Data Mining in Python

Author

Witek ten Hove

Published

October 24, 2022

Preface

CRISP-DM Model taken from: https://commons.wikimedia.org/wiki/File:CRISP-DM_Process_Diagram.png

Data mining is the process of sorting through large datasets to identify patterns or relationships to inform business decisions. It is a crucial aspect of modern data analytics, particularly for industries that rely heavily on large amounts of data to inform their business operations.

Prerequisites

Before starting this module make sure you have:

  • access to the book Nield, T. (2022). Essential Math for Data Science. O’Reilly Media, Inc.

  • a data science environment setup

Purpose of this course

The general learning outcome of this course is:

The student is able to perform a well-defined task independently in a relatively clearly arranged situation, or is able to perform in a complex and unpredictable situation under supervision.

The course will provide you with a few essential data mining skills. The focus will lie on non-linear modeling techniques - k-Nearest Neighbors (kNN) and Naive Bayes classification.

After a successful completion of the course, a student can demonstrate his or her ability to:

  • explore and prepare data for a given non-linear model
  • train en test a non-linear model
  • evaluate the quality of a trained model

Structure of the course

Course overview
Week nr. Module name Readings
2 Onboarding and Data Exploration
3-4 Lazy Learning with kNN Nield Ch.1 up to and including ‘Exponents’
5-6 Probabilistic Learning with Naive Bayes Classification Nield Ch.2 up to and including ‘Probablity Math’,
Ch.3,
Ch.4 up to and including ‘What Is a Vector?’
7 Project Application

Through the whole of the program you’ll be working on your own data mining projects:

  • You will setup your own data science environment

  • Find and choose datasets for your projects

  • Run several full data mining cycles

  • Document and share your learnings

  • Demonstrate you newly acquired competences and skills

Make sure all steps in the data mining process are properly documented. The quality of documentation must be such that an informed data specialist must be able to understand the challenge and the conclusions, the design decisions and the reasons for the choices made during the process.

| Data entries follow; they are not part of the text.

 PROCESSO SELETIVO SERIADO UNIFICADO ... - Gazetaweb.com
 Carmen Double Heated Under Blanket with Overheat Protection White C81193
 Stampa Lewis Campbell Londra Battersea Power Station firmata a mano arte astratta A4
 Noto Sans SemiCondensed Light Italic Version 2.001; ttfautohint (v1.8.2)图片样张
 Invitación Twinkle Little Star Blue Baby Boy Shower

  • Stretch and Challenge: Advanced students can further research and explore new algorithms for data mining, comparing their performance with KNN and Naive Bayes.

  • Inclusion: Students who are struggling can work with a partner or teacher during activities to ensure they comprehend the material.

Essential Math

For k-Nearest Neighbors

An essential element of the k-Nearest Neighbor model is distance. Several methods exist to calculate the distance between two points. One is the Euclidean distance. Let point \(p\) have Cartesian coordinates \((p_1,p_2)\) and let point \(q\) have coordinates \((q_1,q_2)\). Then the distance between \(p\) and \(q\) is given by:

\[ d(p,q) = \sqrt{\sum_{i=1}^2{(p_i-q_i)^2}} \]

For higher dimensions \(n\) this becomes:

\[ d(p,q) = \sqrt{\sum_{i=1}^n{(p_i-q_i)^2}} \]

Important math topics:

  • Order of operation: deduct or square first?

  • Variables and types: what are the variables in the above formulas and of what type are they?

  • Functions: which are the dependent and which the independent variables?

  • Summations: what is the value of \(\sum_{i=3}^4{(i^2)}\)

  • Exponents: what is the value of \((\sum_{i=3}^4{(i^2)})^{-\frac{1}{2}}\)

For Naive Bayes

  • Probability math

  • Descriptive statistics

  • Vectors

About the author

Witek ten Hove is a senior instructor and researcher at HAN University of Applied Sciences. His main areas of expertise are Data en Web Technologies.

Through his extensive business experience in Finance and International Trade and thorough knowledge of modern data technologies, he is able to make connections between technology and business. As an open source evangelist he firmly believe in the power of knowledge sharing. His mission is to inspire business professionals and help them exploit the full potential of smart technologies.

He is the owner of Ten Hove Business Data Solutions, a consultancy and training company helping organizations to achieve maximum business value through data driven solutions.